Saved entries
------------------------

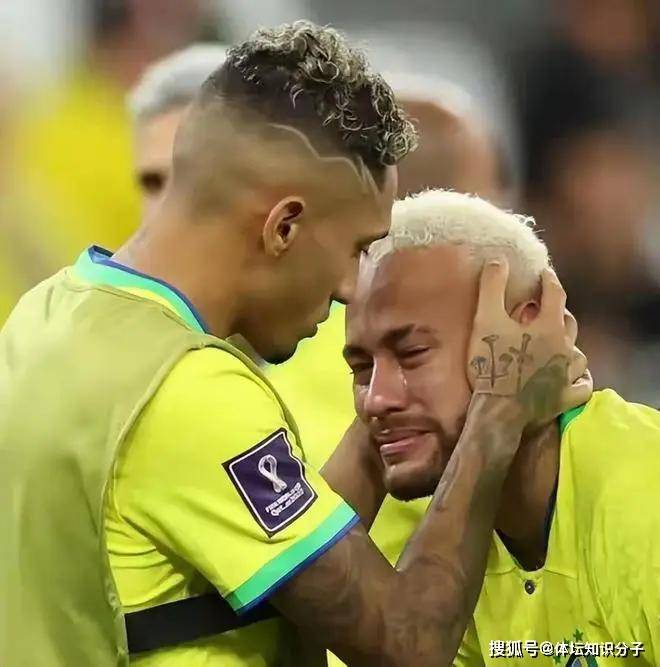 足球直播-NBA直播_英超_世界杯体育【超清在线观看】1比4！0比6！被狂进10球！五星巴西完败阿根廷世界杯夺冠没戏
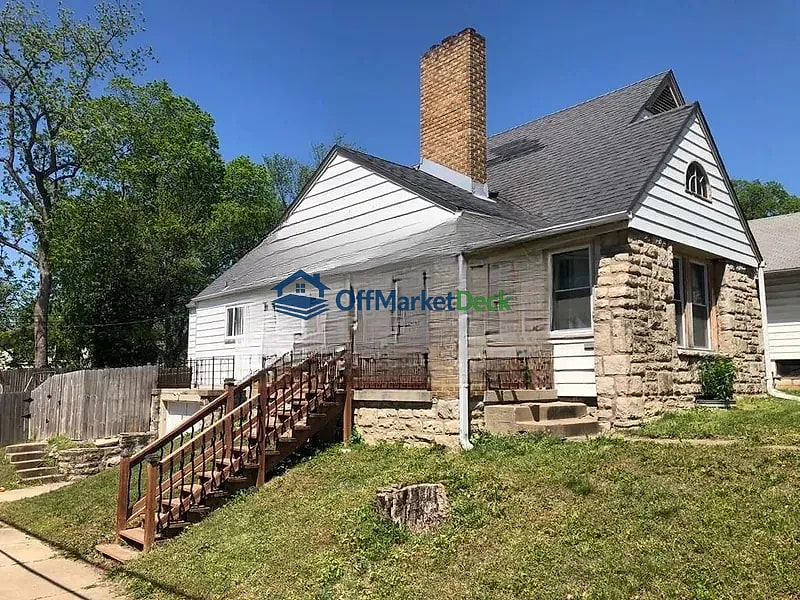 Off-market house in Kansas City, Missouri — 3 beds, 2 baths, $89,900 — photo 4 of 8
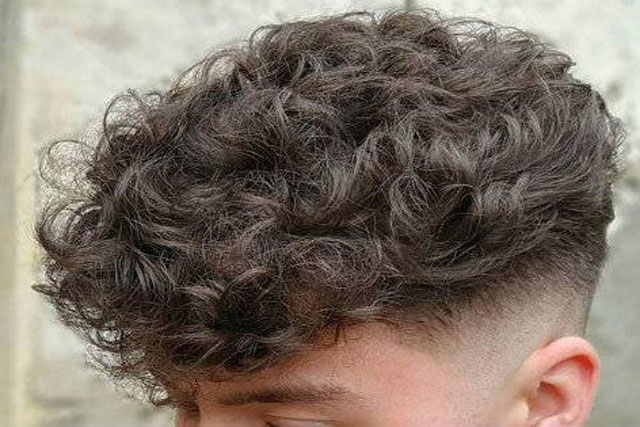 "Tâm sinh tướng": 5 nét tướng của người đàn ông đào hoa, phụ nữ lấy phải sẽ khốn khổ cả đời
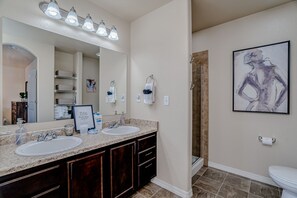 Chuveiro/banheira combinados, secador de cabelo, toalhas de banho 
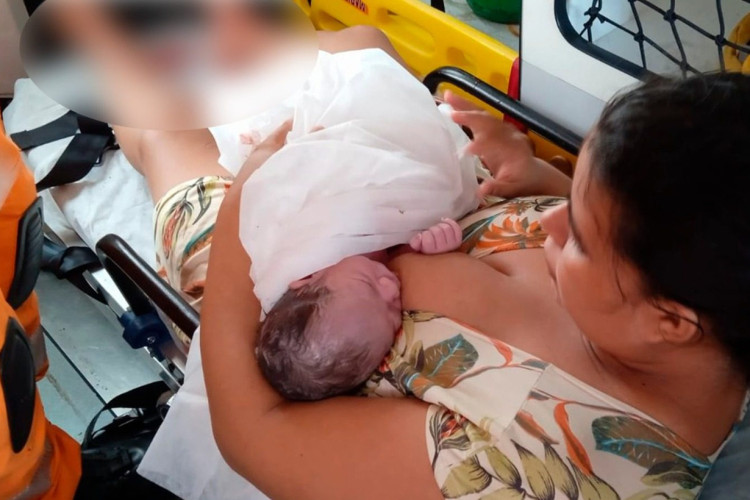 Segundo o Corpo de Bombeiros, o bebê nasceu dentro do carro, pois não houve tempo para levar para a ambulância
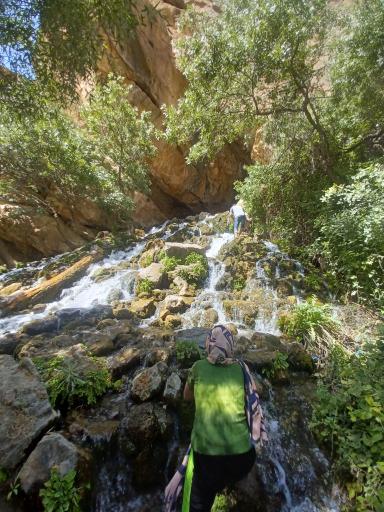 عکس آبشار آب ملخ (تخت سلیمان)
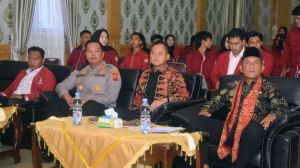 H Hurmin Hadiri Pengukuhan Pengurus GMS  
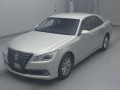 2015 Toyota Crown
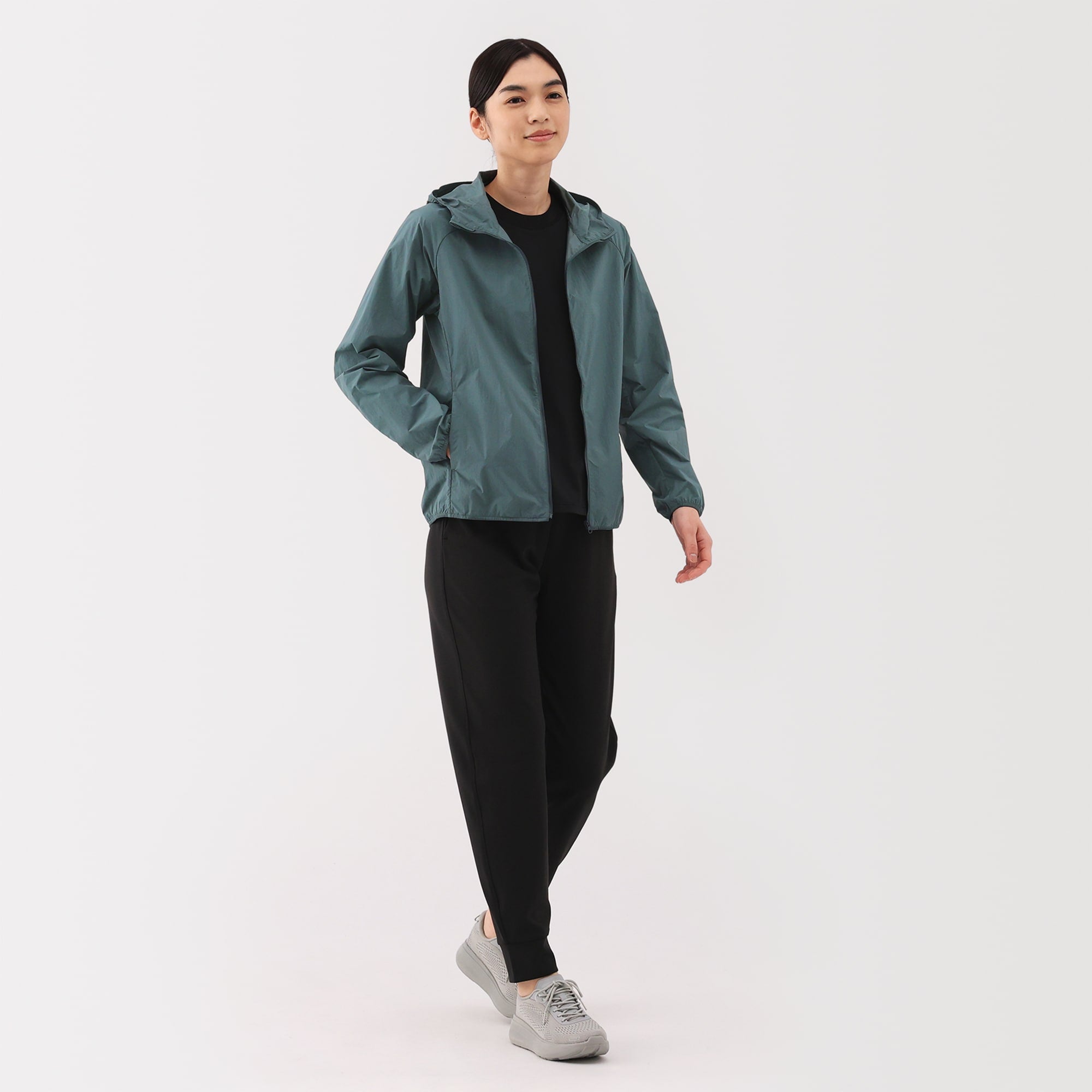 Women's Water Repellent Pocketable Jacket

------------------------

- [Exercise prompt] Repeat each entry above exactly. Omit the pictures.

- [Response area]
 足球直播-NBA直播_英超_世界杯体育【超清在线观看】1比4！0比6！被狂进10球！五星巴西完败阿根廷世界杯夺冠没戏
 Off-market house in Kansas City, Missouri — 3 beds, 2 baths, $89,900 — photo 4 of 8
 "Tâm sinh tướng": 5 nét tướng của người đàn ông đào hoa, phụ nữ lấy phải sẽ khốn khổ cả đời
 Chuveiro/banheira combinados, secador de cabelo, toalhas de banho 
 Segundo o Corpo de Bombeiros, o bebê nasceu dentro do carro, pois não houve tempo para levar para a ambulância
 عکس آبشار آب ملخ (تخت سلیمان)
 H Hurmin Hadiri Pengukuhan Pengurus GMS  
 2015 Toyota Crown
 Women's Water Repellent Pocketable Jacket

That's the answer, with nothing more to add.